When is it time to bring in a Geotechnical Engineer?
Reader WES in RAVENNA writes:
“I am building a 36×48 pole barn w/ attic trusses on a piece of property were the water table is quite high. The wettest hole contained about 3 feet of water and caved in to about 5 or 6 feet in diameter before we filled it back in. The bottom of the driest hole jiggled like gramma’s jello mold when we tamped it flat. Obviously I am worried that my barn will sink.
We plan to use sonotubes and a trash pump to get a hole clean enough to drop our 20×6 round footing cookies and 6×6 posts in before filling the hole in with sand. We also plan to double up on the grade board (2×8 on the outside and 2×8 on the inside) to help transfer any load down the line if a post starts to sink.

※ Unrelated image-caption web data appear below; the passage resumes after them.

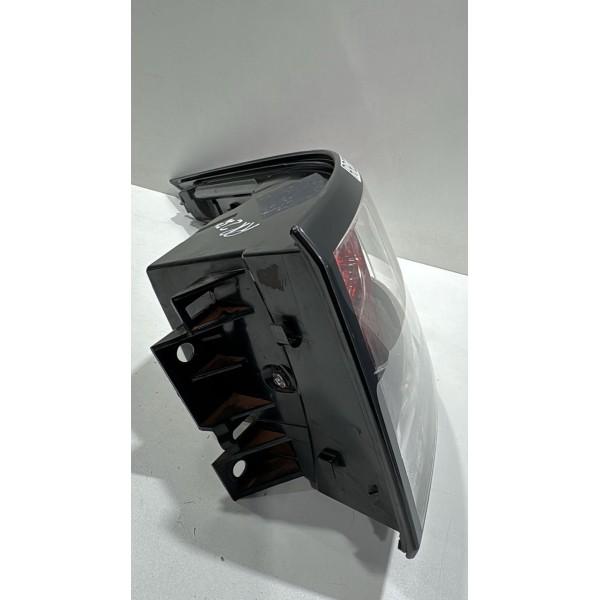 Lanterna Direito Range Rover Sport 2014 2015 2016 2017 2018 Direito/passageiro Vermelha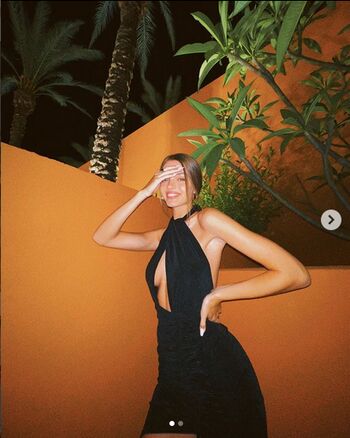 Anna Zak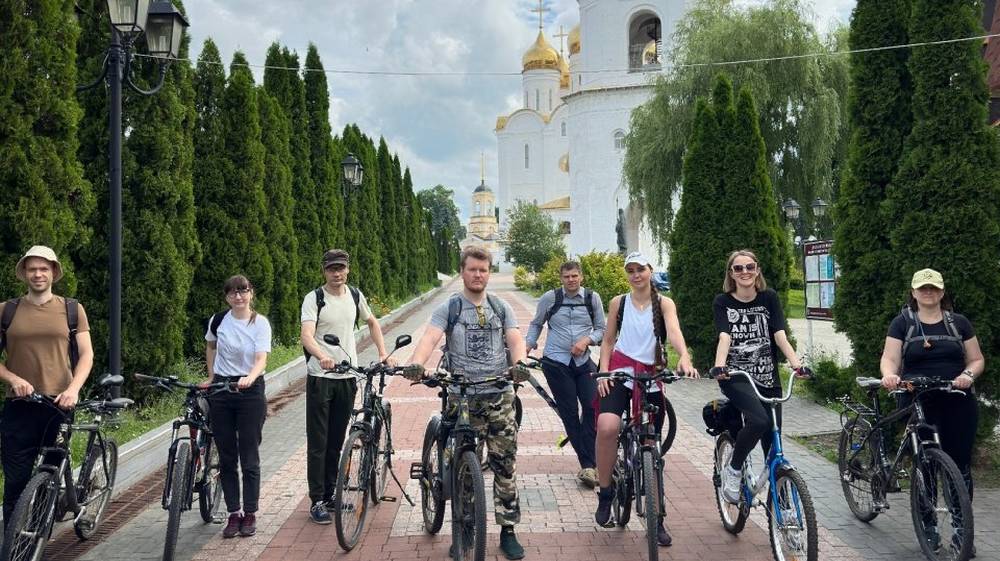 Брянская епархия организовала велопробег в честь Дня России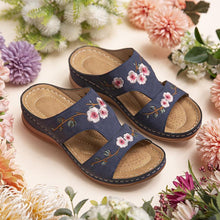 Laden Sie das Bild in den Galerie-Viewer, Damen handgemachte lässige hohle Blumensandalen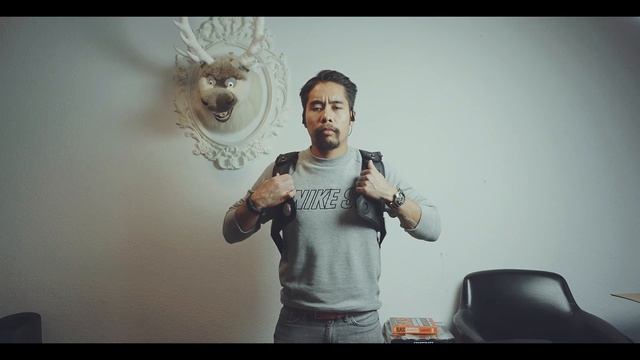 The best Motorcycle Backpack? REVIEW Velomacchi Rolltop смотреть онлайн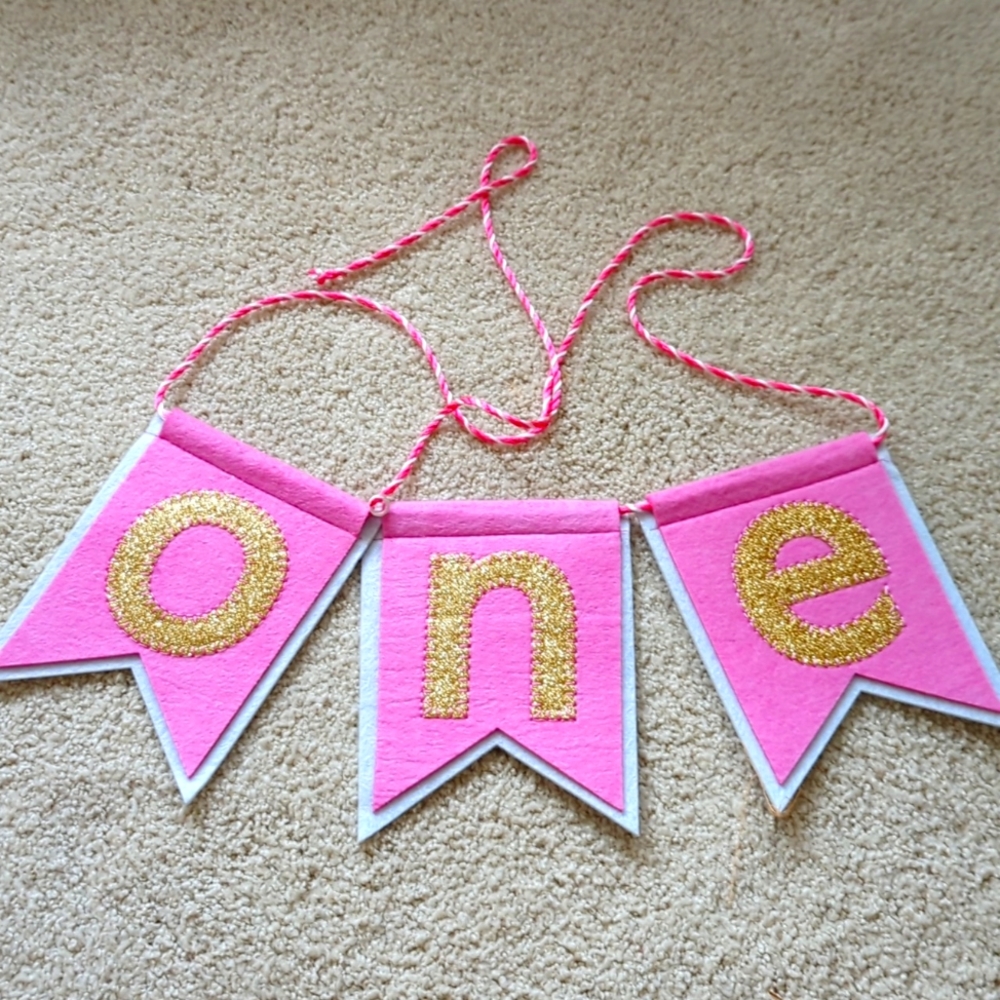 MudPie first birthday banner girl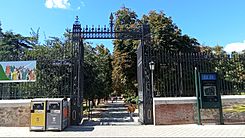 Puerta de Sainz de Baranda.jpg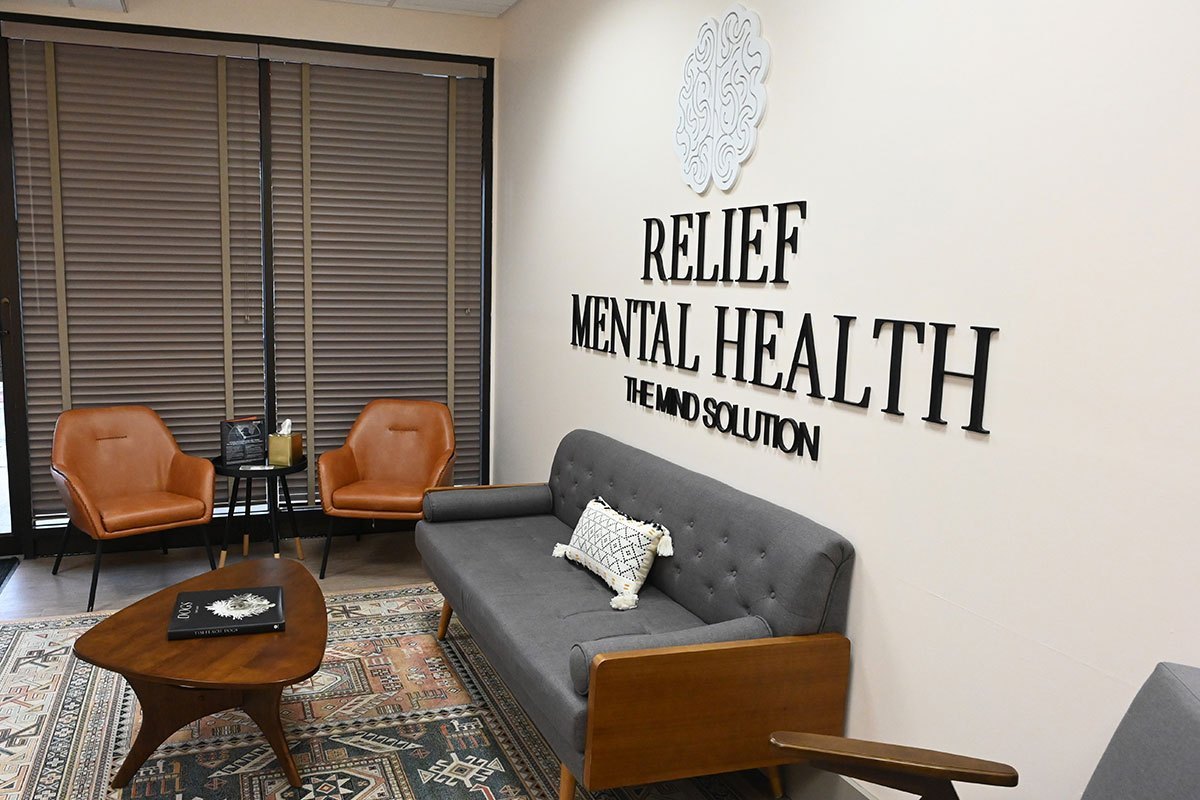 Rockford IL | Relief Mental Health | TMS - SPRAVATO - Therapy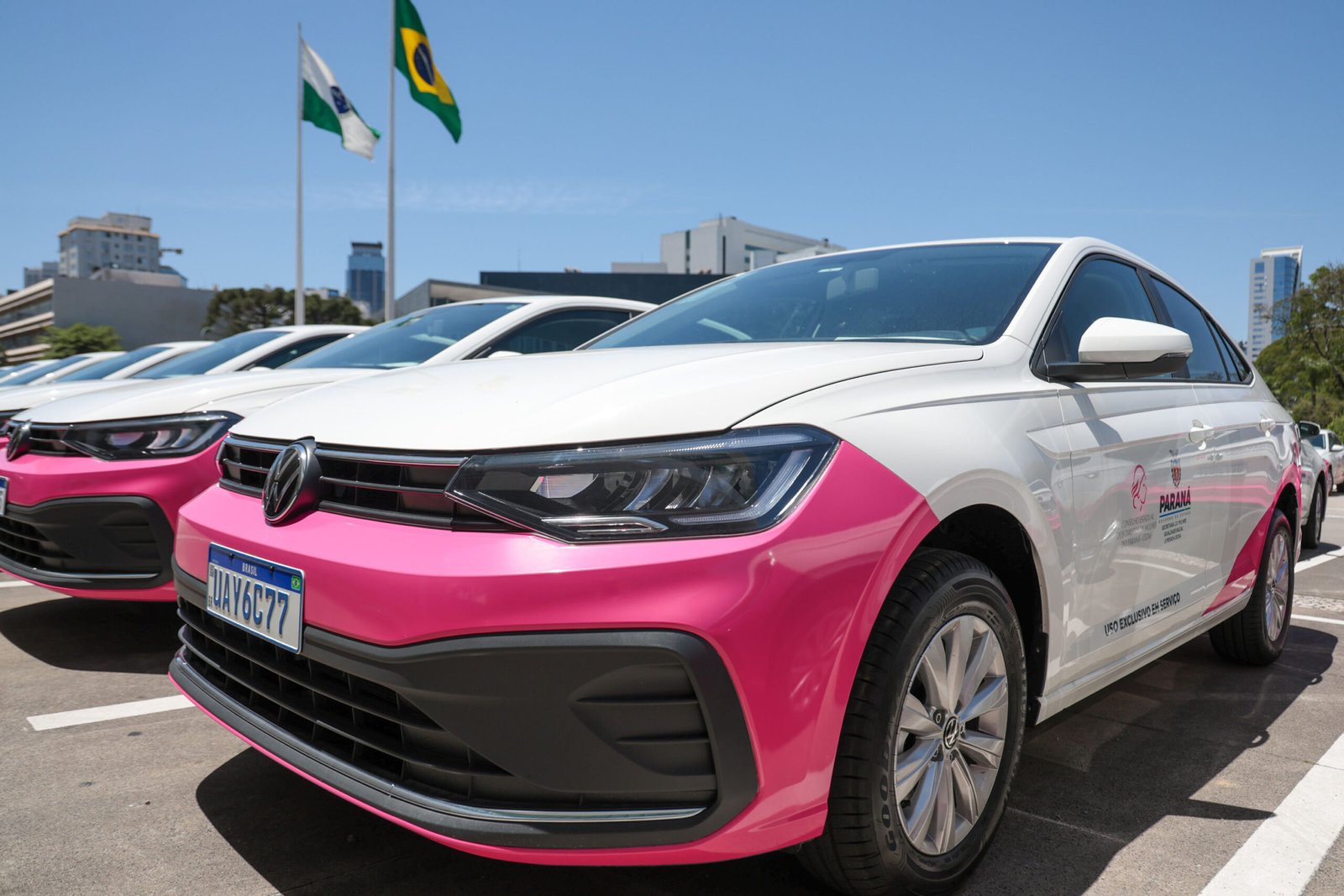 Mais 30 cidades do Paraná recebem veículos para fortalecer políticas públicas femininas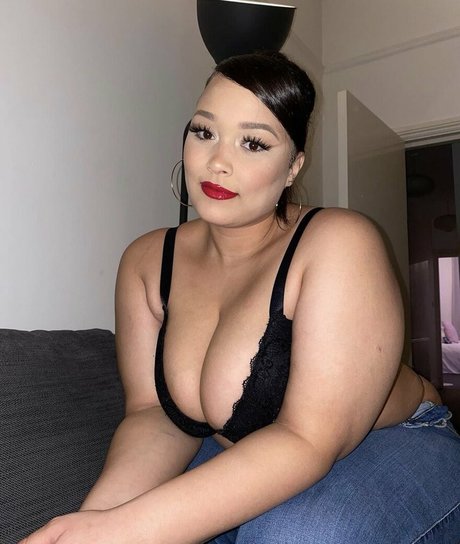 Natalie E Wade かわいいスター ギャラリー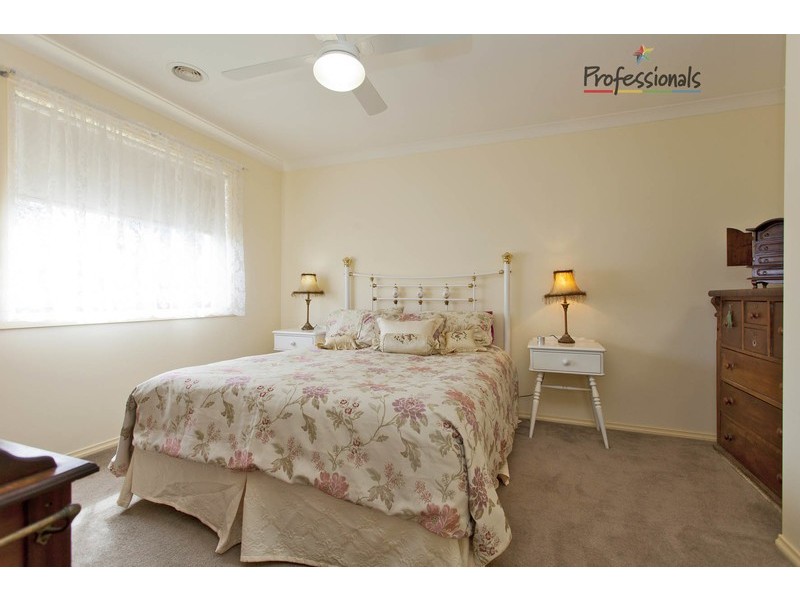 29 Albert Road, Chiltern VIC 3683
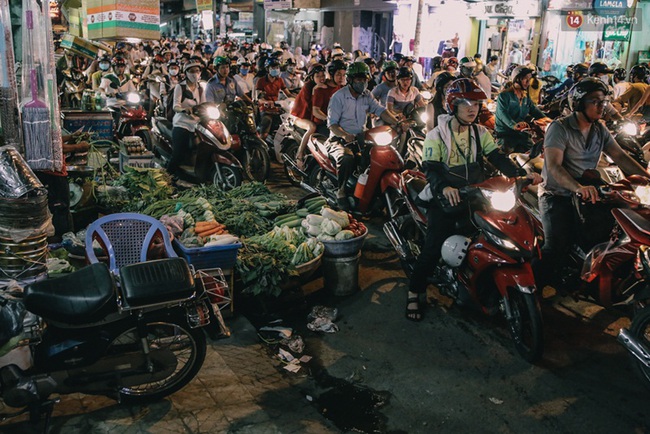 Phát điên, ngộp thở vì cảnh giờ nào cũng kẹt xe, chỗ nào cũng kẹt xe ở Sài Gòn - Ảnh 9.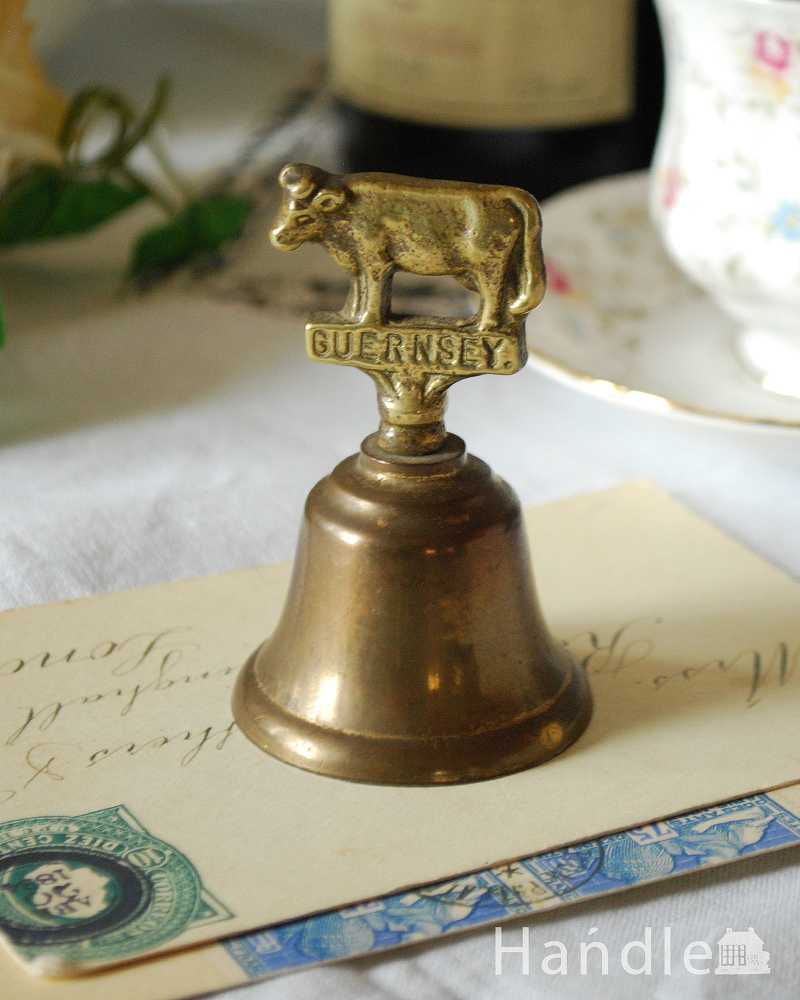 装飾の美しい英国輸入の真鍮アンティークベル（牛）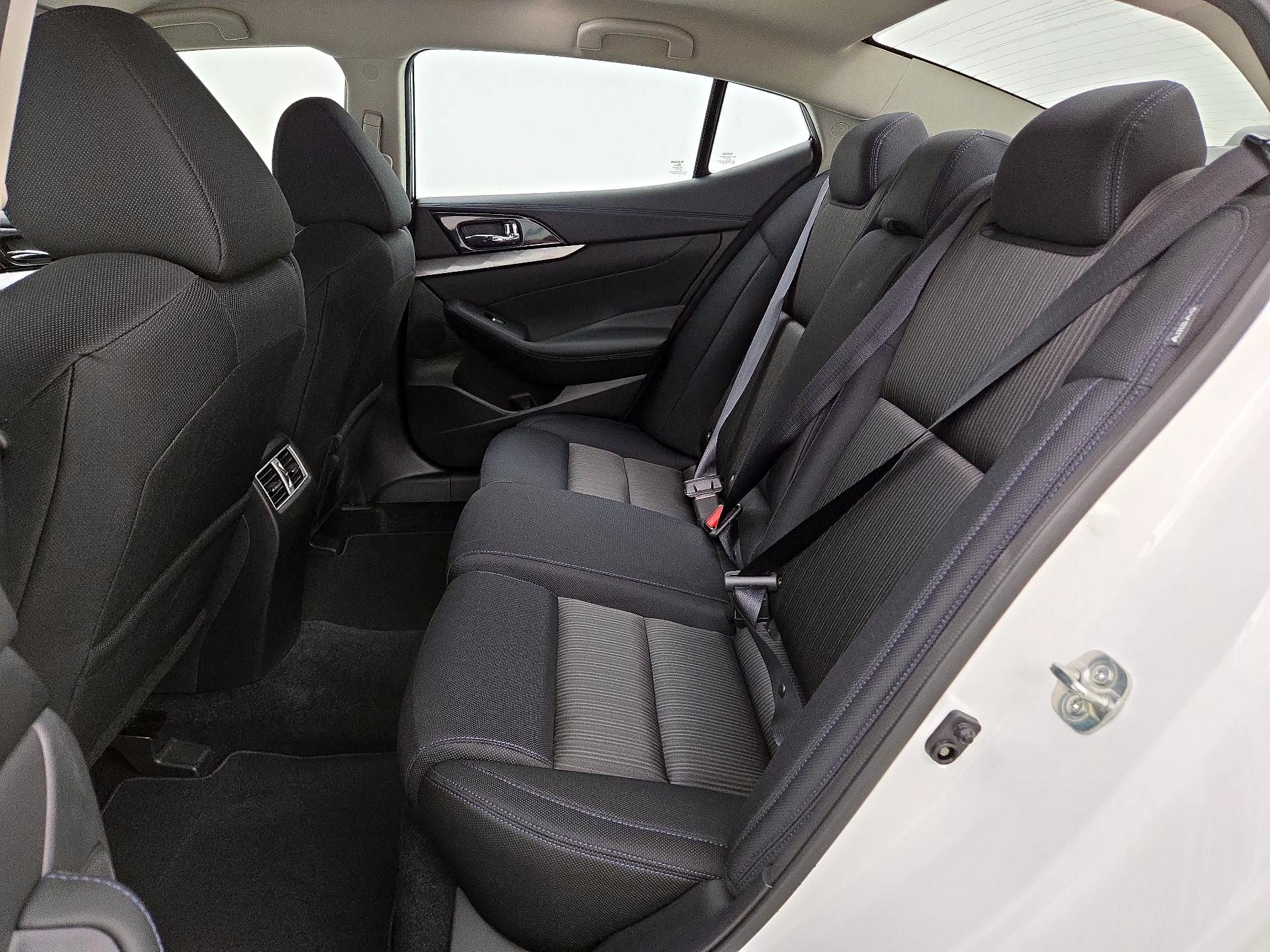 Thumbnail: 2019 Nissan Maxima - 19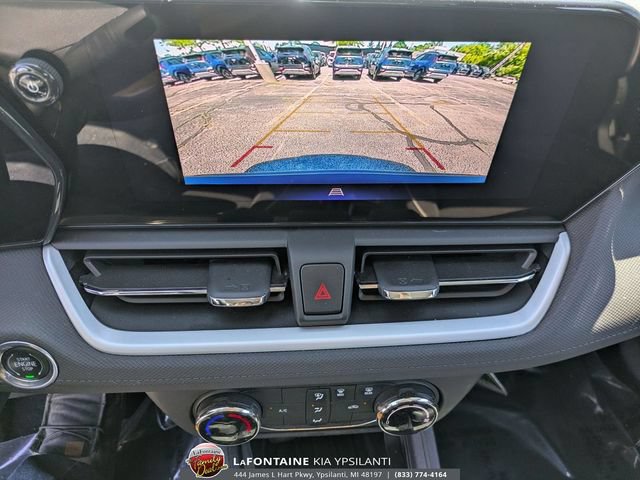 Used 2025 Chevrolet TrailBlazer LS FWD image 24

I am also thinking of running re-bar through the grade board and across the floor to help tie the walls to the slab in hopes that it will help the barn float. Is that a good idea? Do you have any advice on building a pole building on soft, wet ground?
I don’t want to wait till you put your answer in a blog. Please email. Thank you.”
Mike the Pole Barn Guru writes:
Back in the olden days (the 1980’s) we encountered a site in Western Washington where we were going to be literally constructing a building on top of a peat bog. The soil was so weak, one could take a 12 foot long 2×6 and push it vertically into the ground by hand until it disappeared. It is surprising none of the jobsite workers got lost in it! The solution was to set the columns and hurriedly pour a concrete slab on grade which was tied into the columns with rebar. The slab was literally floating on top of the peat. Not the ideal site to build upon.
Okay – you have some challenges going on – high water table and the inability of your soil to support a load. I would highly recommend your next call be to a competent soils (geotechnical) engineer who can do a site investigation to best advise how to solve your problems. You are going to have to do something to remove the water from beneath your proposed building site – as it stands currently I can see nothing but potential problems with frost heaves. You will want to read more on preventing frost heaves here: https://www.hansenpolebuildings.com/2011/10/pole-building-structure-what-causes-frost-heaves/.
Even with good soil, your proposed 20 inch diameter concrete cookie is not adequate to properly distribute the weight of your building across the soil. Added to the challenge is the use of attic trusses which is going to further increase the loads on the footings. From the sound of it, a registered design professional (RDP – architect or engineer) has not been involved in the structural design of your building itself, as not only is your footing inadequate, but there is no provision made to prevent uplift issues.
Do me a favor and do it right away – call the geotechnical engineer. If you do not, you are going to end up investing a lot of money in a building which will do nothing but sink and heave, until such time as it becomes structurally unusable, or collapses of its own accord.